◆ **ASSIGNED TASK**
Every entry should be returned unchanged, with the pictures omitted.
--- START ---
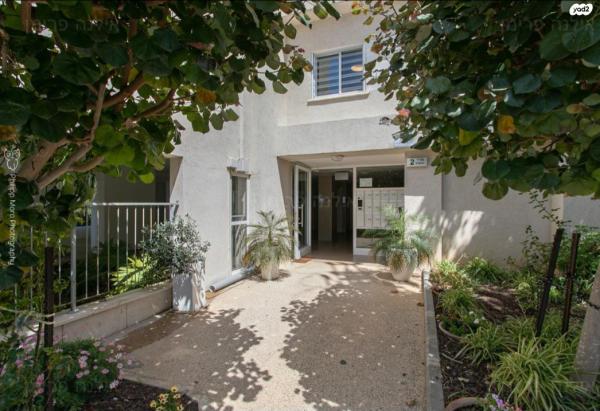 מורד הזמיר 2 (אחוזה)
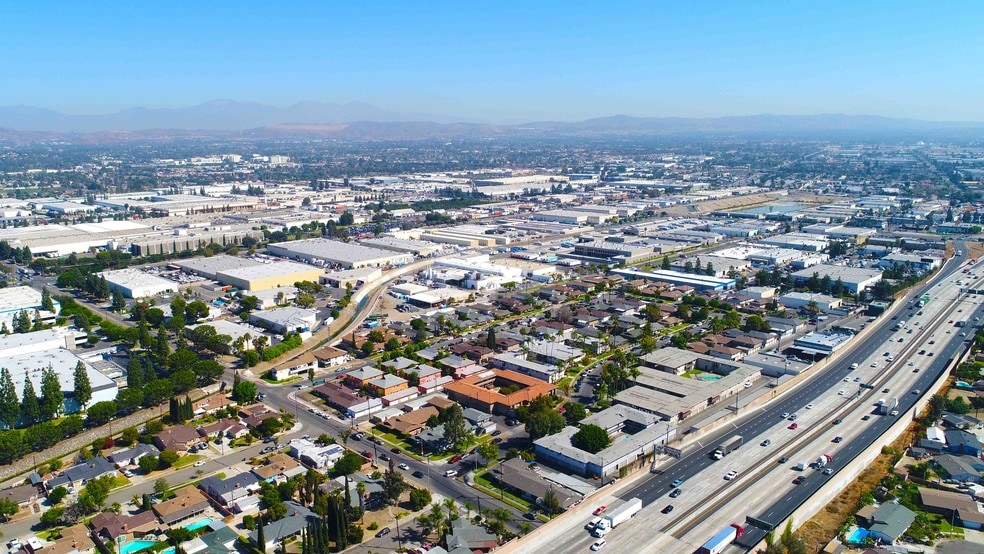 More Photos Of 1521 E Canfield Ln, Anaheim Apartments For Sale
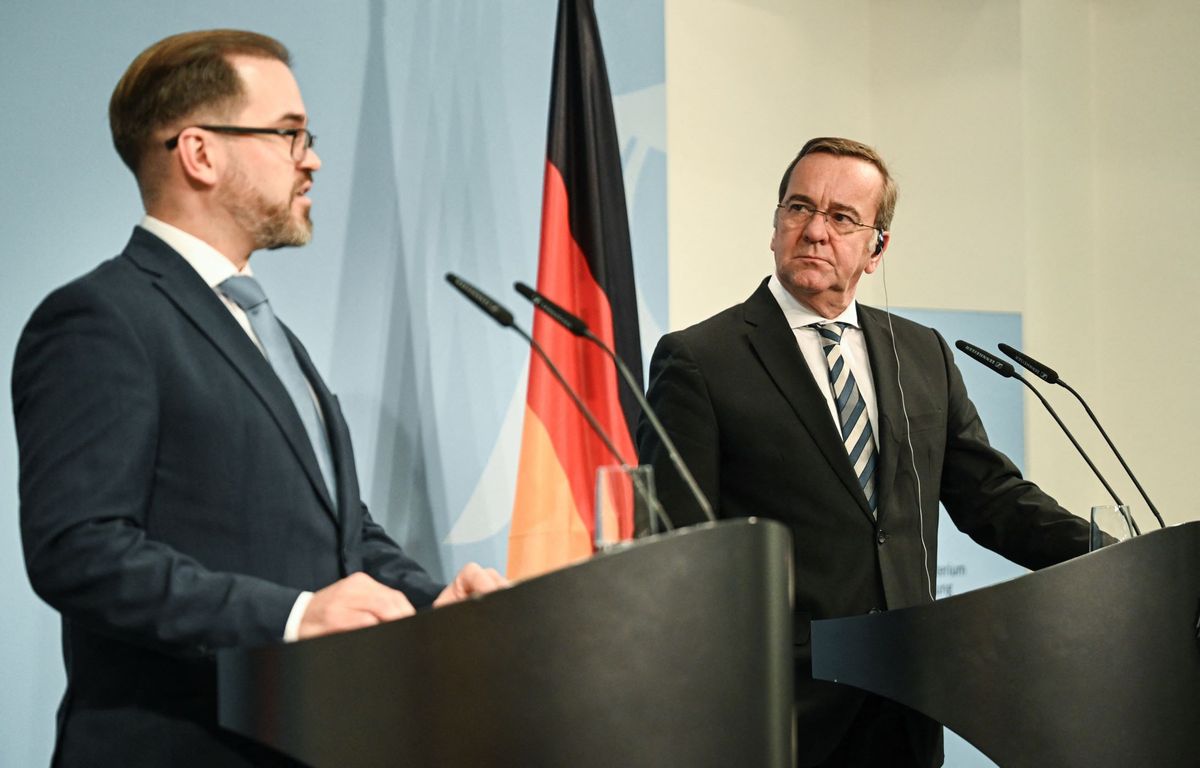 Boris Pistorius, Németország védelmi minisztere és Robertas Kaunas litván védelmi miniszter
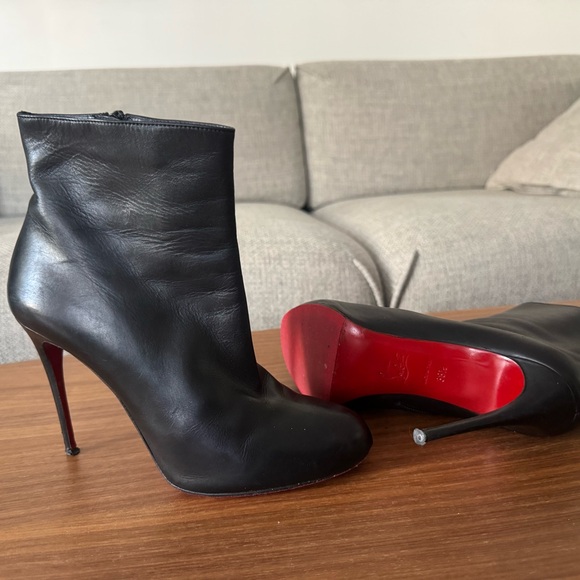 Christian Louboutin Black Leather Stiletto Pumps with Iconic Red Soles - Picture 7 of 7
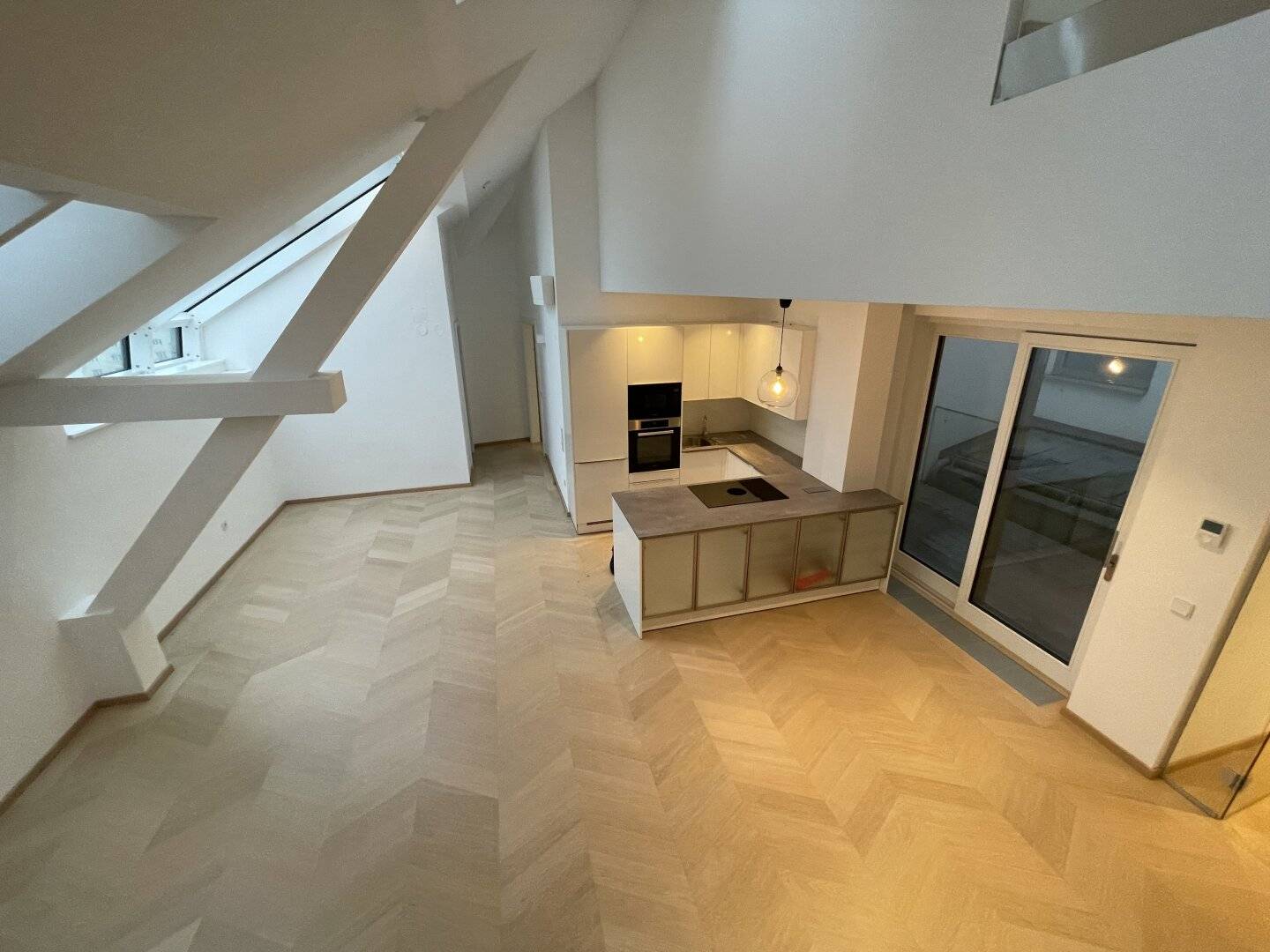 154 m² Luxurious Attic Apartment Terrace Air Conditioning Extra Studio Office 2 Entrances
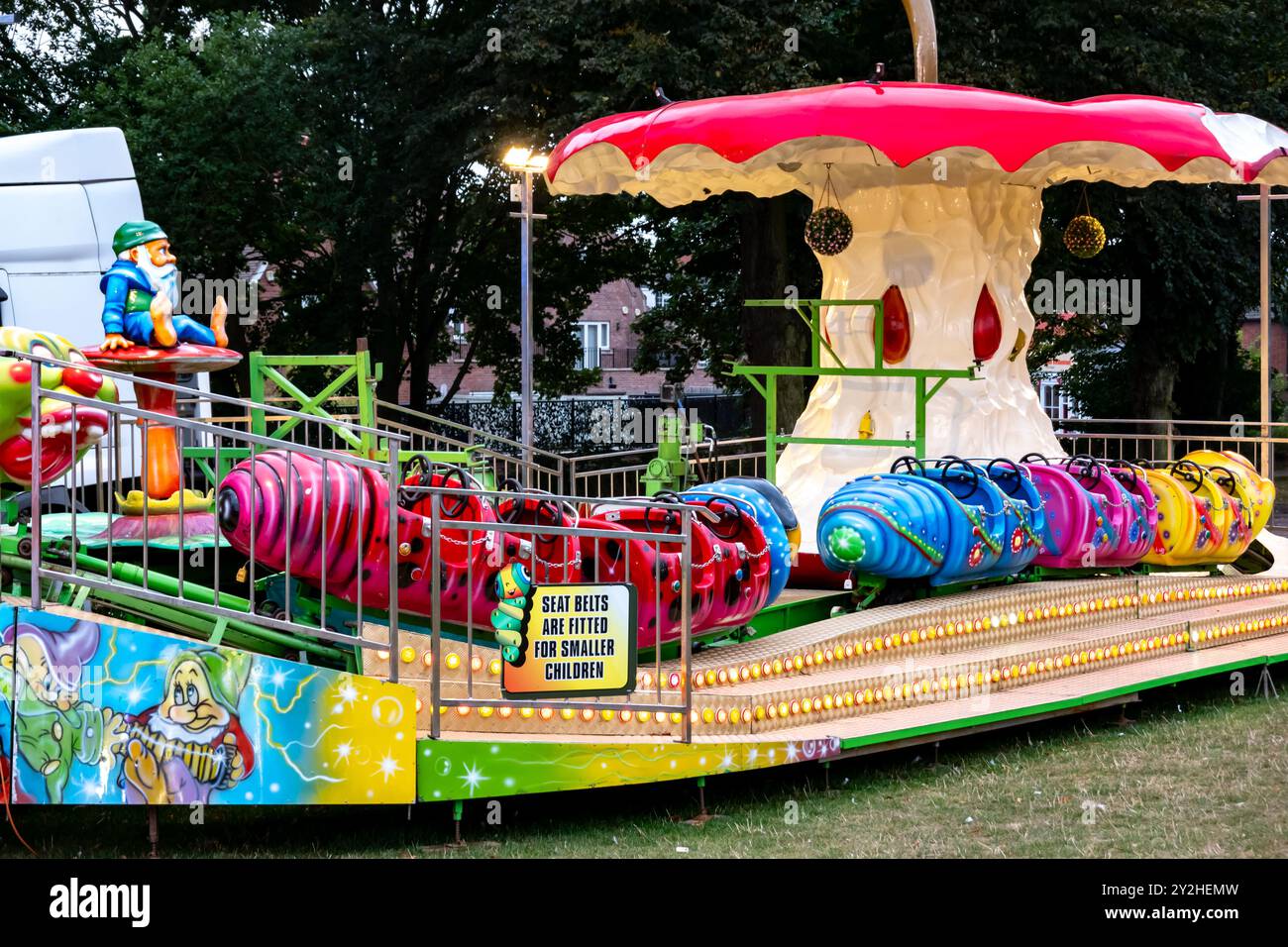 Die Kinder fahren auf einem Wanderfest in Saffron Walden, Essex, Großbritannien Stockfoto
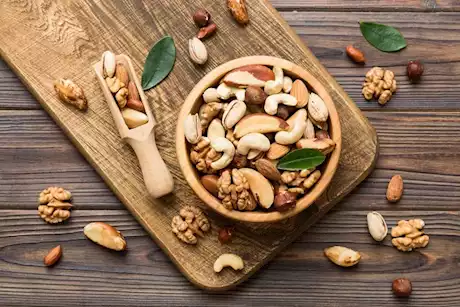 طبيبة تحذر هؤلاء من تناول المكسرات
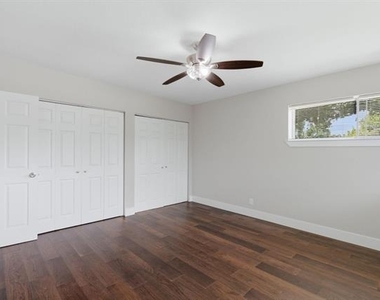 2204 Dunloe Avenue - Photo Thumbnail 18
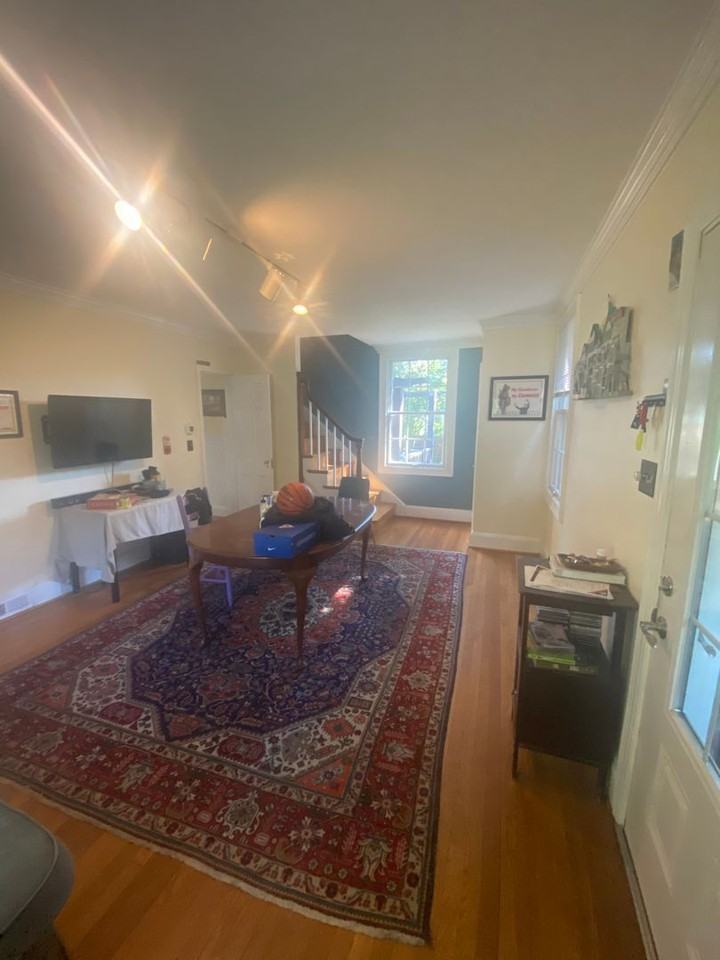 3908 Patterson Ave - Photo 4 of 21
--- END ---
◆ **RESPONSE TO THIS TASK**
 מורד הזמיר 2 (אחוזה)
 More Photos Of 1521 E Canfield Ln, Anaheim Apartments For Sale
 Boris Pistorius, Németország védelmi minisztere és Robertas Kaunas litván védelmi miniszter
 Christian Louboutin Black Leather Stiletto Pumps with Iconic Red Soles - Picture 7 of 7
 154 m² Luxurious Attic Apartment Terrace Air Conditioning Extra Studio Office 2 Entrances
 Die Kinder fahren auf einem Wanderfest in Saffron Walden, Essex, Großbritannien Stockfoto
 طبيبة تحذر هؤلاء من تناول المكسرات
 2204 Dunloe Avenue - Photo Thumbnail 18
 3908 Patterson Ave - Photo 4 of 21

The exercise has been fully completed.